Exercise input.
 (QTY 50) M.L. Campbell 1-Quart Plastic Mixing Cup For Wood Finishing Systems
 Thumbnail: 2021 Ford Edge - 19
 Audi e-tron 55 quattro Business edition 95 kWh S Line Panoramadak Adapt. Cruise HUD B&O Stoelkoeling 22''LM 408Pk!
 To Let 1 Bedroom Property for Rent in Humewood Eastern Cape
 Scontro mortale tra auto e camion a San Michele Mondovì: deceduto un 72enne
* * *
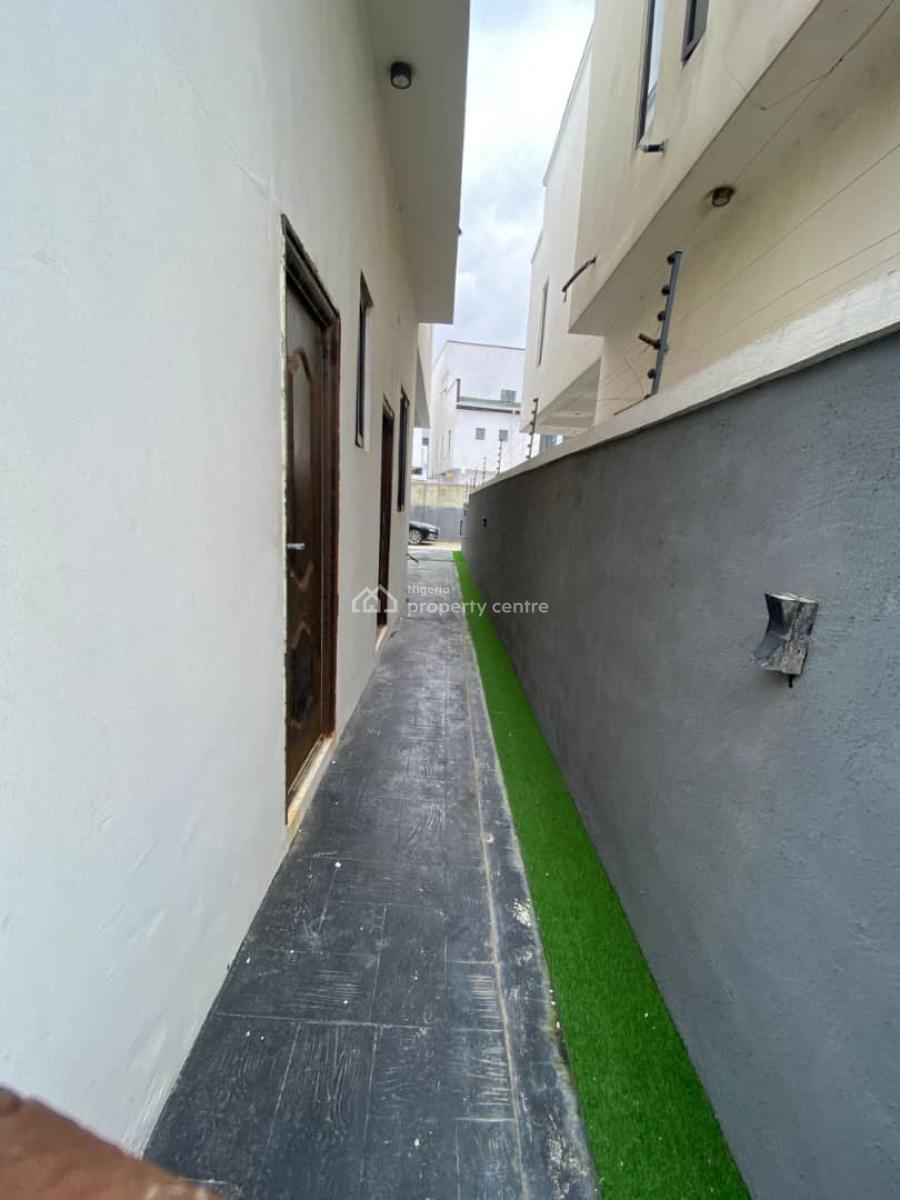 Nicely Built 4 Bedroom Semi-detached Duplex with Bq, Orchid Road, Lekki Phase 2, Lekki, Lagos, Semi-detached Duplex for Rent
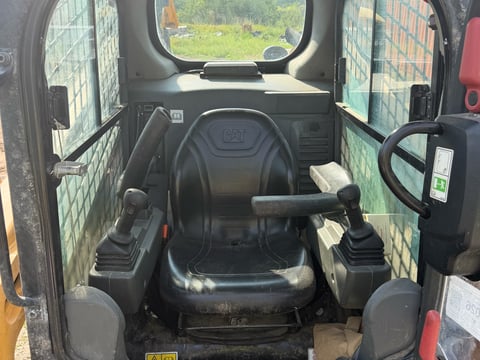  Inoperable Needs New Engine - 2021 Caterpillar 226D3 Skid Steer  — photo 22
* * *
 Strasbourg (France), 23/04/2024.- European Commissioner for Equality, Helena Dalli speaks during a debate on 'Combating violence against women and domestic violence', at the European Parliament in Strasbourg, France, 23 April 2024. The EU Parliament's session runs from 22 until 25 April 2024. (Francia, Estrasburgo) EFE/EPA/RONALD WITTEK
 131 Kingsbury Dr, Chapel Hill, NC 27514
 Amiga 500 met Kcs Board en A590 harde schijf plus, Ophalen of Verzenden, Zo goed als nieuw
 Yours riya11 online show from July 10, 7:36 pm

What you are asked to do. Retype exactly, and only, the lines above from the one where "Strasbourg (France), 23/04/2024.- European" occurs up to and including the one where "Yours riya11 online" occurs.

Exercise output.
 Strasbourg (France), 23/04/2024.- European Commissioner for Equality, Helena Dalli speaks during a debate on 'Combating violence against women and domestic violence', at the European Parliament in Strasbourg, France, 23 April 2024. The EU Parliament's session runs from 22 until 25 April 2024. (Francia, Estrasburgo) EFE/EPA/RONALD WITTEK
 131 Kingsbury Dr, Chapel Hill, NC 27514
 Amiga 500 met Kcs Board en A590 harde schijf plus, Ophalen of Verzenden, Zo goed als nieuw
 Yours riya11 online show from July 10, 7:36 pm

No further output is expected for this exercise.